Memo to the American Media from Sheikh Muhammad al-Zawahiri

Recently, I participated in a three-day national security forum with some knowledgeable military officers. The briefing focused on Fourth Generation Warfare in the Second Nuclear Age, and the formidable threats we face from Jihadi terrorists.

The non-attribution policy of such briefings prohibits me from identifying any of the presenters, but I can tell you that one of them summed up the current nuclear WMD threat as paraphrased: If the American people could see the bone-chilling threats outlined in the [classified] cable traffic concerning al-Qa’ida and other Islamist terror networks, there would be little dissension about our military mission.

Unfortunately, there is a wide gap between what the mainstream media reports about Iraq and other theater operations, and the underlying rationale for those operations, which are classified in order to protect methods and sources. Though there is an effort under way now to declassify more real-time intel, it won’t close that gap because the major networks and print outlets are more concerned with political agendas, which most often mirror those of the far left.

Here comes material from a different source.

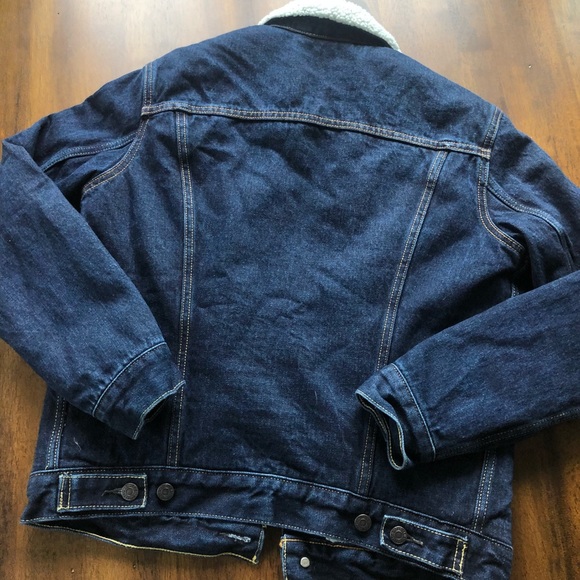 Levi’s Fleece Warm Lined Dark Denim Jean Jacket SM - Picture 3 of 5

Consequently, their “journalism” contains much more fragrance than substance.

Notably, the most senior presenter at the aforementioned briefing discussed the topic “Media as Terrain”—how our adversaries use the media as a battleground. He used this declassified quote to make his point: “I say to you: that we are in a battle, and that more than half of this battle is taking place in the battlefield of the media.” That quote is from an intercepted and authenticated communiqué from Osama bin Laden’s chief lieutenant, Sheikh Ayman Muhammad al-Zawahiri to Abu Musab al-Zarqawi, before Zarqawi’s termination last June.

The fact is that much of what is reported in the American media reflects not only the propaganda machines of the Left, but also that of our Jihadi adversaries. Too often the content from those machines is indistinguishable.

Two weeks ago, this column took to task a mainstream-media organ (Newsweek) for its cover story on Iraq entitled, “We’re losing.” There was nothing particularly extraordinary about the Newsweek piece except that it typified the Leftmedia’s relentless and traitorous efforts to undermine America’s will and national resolve to defeat a dangerous enemy.

Indeed, Islamist leaders must be thrilled by the support they receive from American media Leftists—those sympathizers whom V.I. Lenin once famously dubbed “Useful Idiots.”

This week, among other egregious examples of Leftmedia dissent, was a notable tome that went beyond the normal disparagement of Operation Iraqi Freedom and instead adopted John Kerry’s modus operandi: Don’t just question the war, attack the credibility of our warriors “stuck in Iraq.” The offender is William Arkin, a military analyst for NBC and writer for the Washington Post, whose bio fails to mention his previous employment and affiliation with Leftist organizations, including the Institute for Policy Studies, Greenpeace and the Natural Resources Defense Council.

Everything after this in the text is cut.